_Task prompt_
Only the lines from the one with "Ein Werbeplakat für" through the last line of the data below are to be duplicated, exactly and without pictures.
Top of Source data
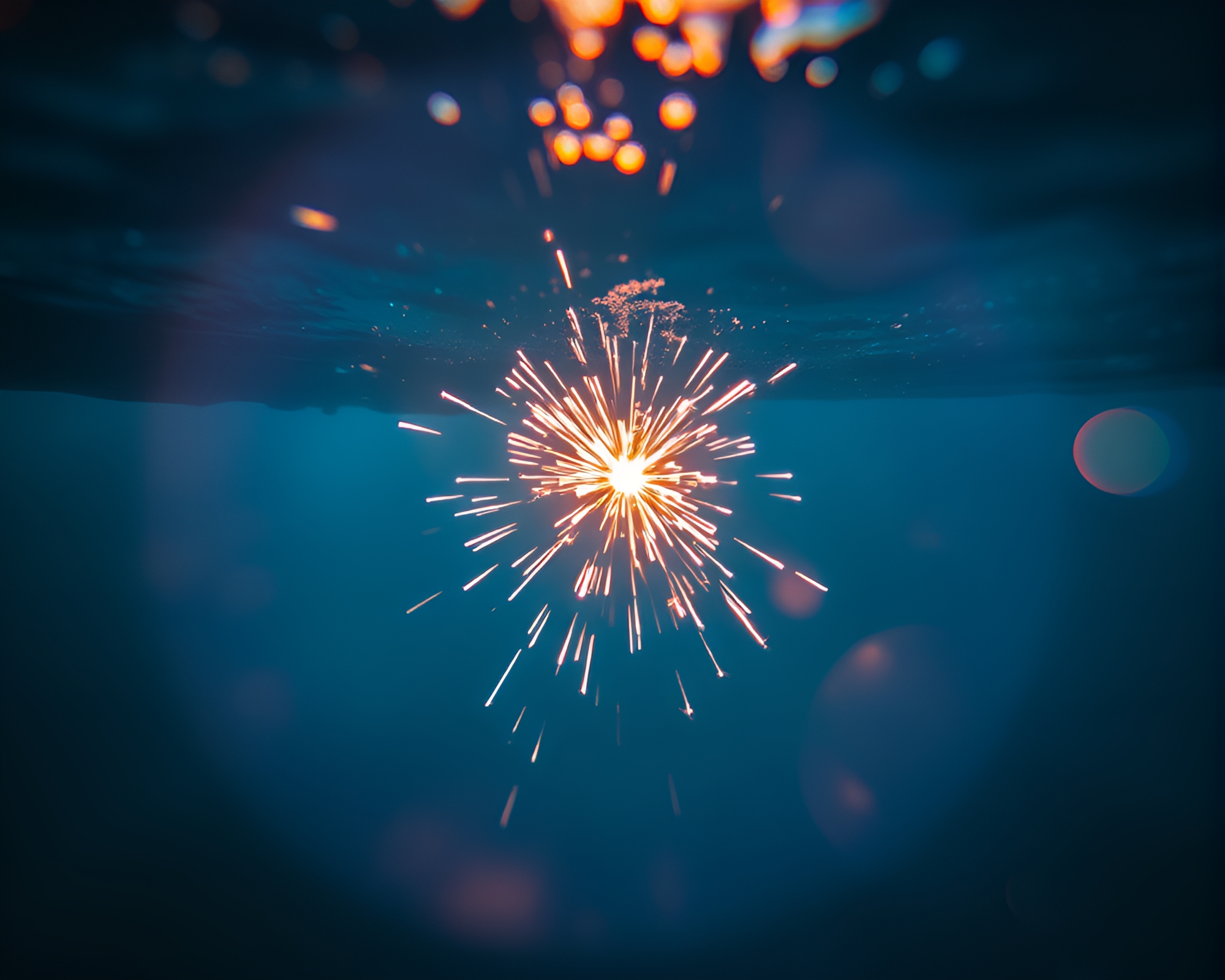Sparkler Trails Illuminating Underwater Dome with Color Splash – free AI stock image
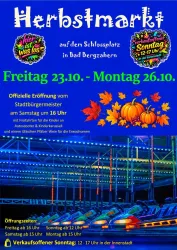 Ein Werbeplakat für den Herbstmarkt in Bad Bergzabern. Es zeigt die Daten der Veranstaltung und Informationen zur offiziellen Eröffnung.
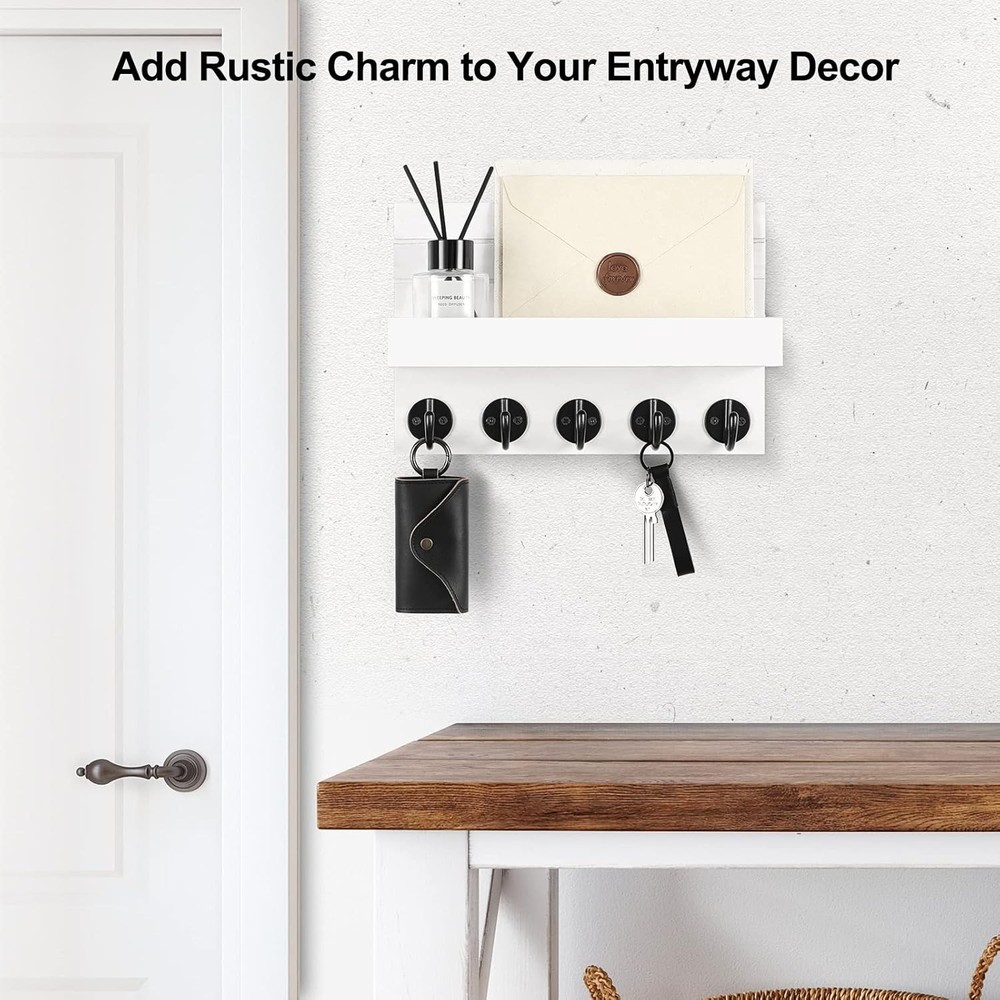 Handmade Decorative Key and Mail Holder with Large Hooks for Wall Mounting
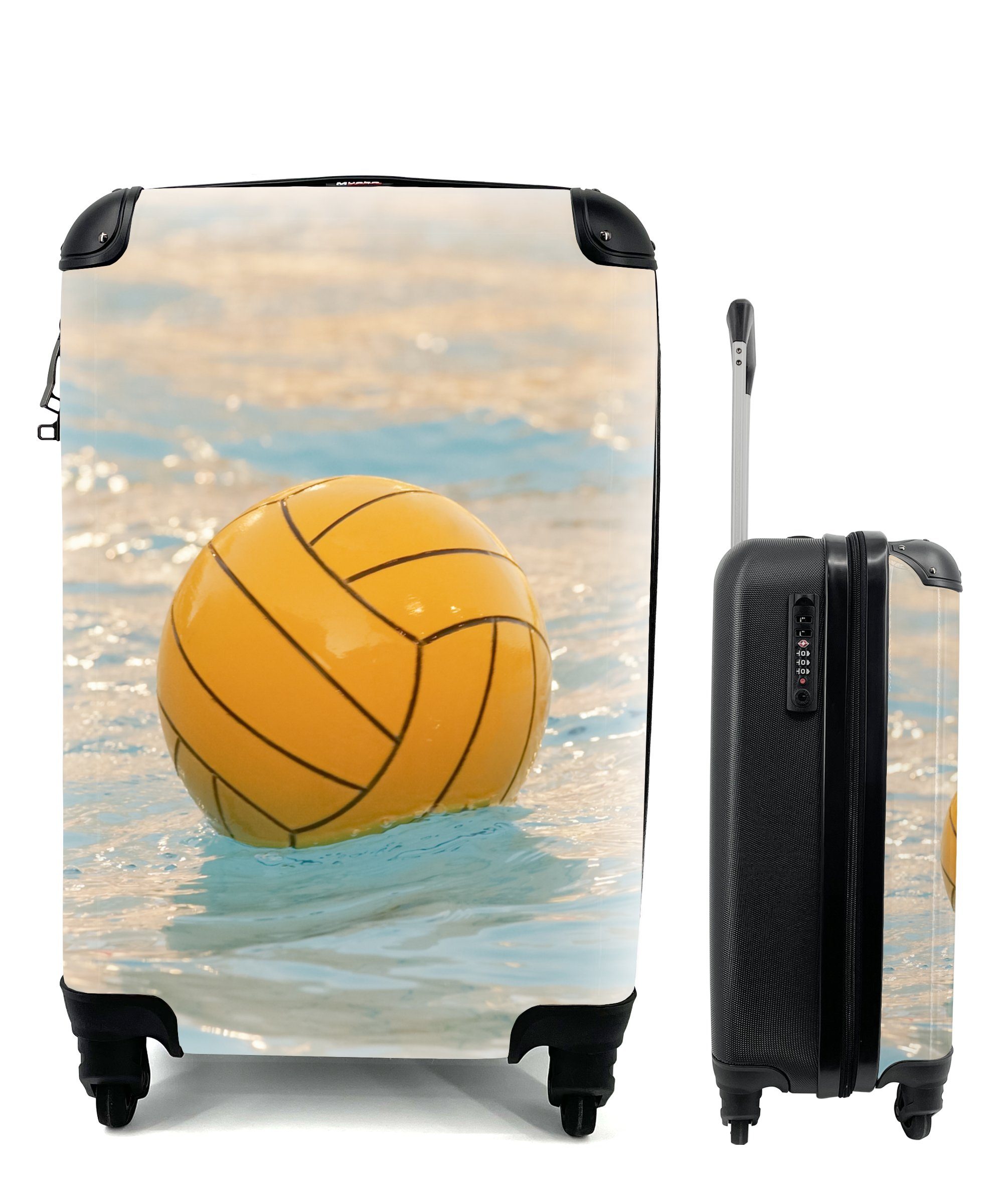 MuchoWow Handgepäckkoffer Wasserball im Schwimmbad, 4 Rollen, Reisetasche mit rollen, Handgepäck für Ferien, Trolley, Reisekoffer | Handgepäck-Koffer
Bottom of Source data
_Answer to this problem_
 Ein Werbeplakat für den Herbstmarkt in Bad Bergzabern. Es zeigt die Daten der Veranstaltung und Informationen zur offiziellen Eröffnung.
 Handmade Decorative Key and Mail Holder with Large Hooks for Wall Mounting
 MuchoWow Handgepäckkoffer Wasserball im Schwimmbad, 4 Rollen, Reisetasche mit rollen, Handgepäck für Ferien, Trolley, Reisekoffer | Handgepäck-Koffer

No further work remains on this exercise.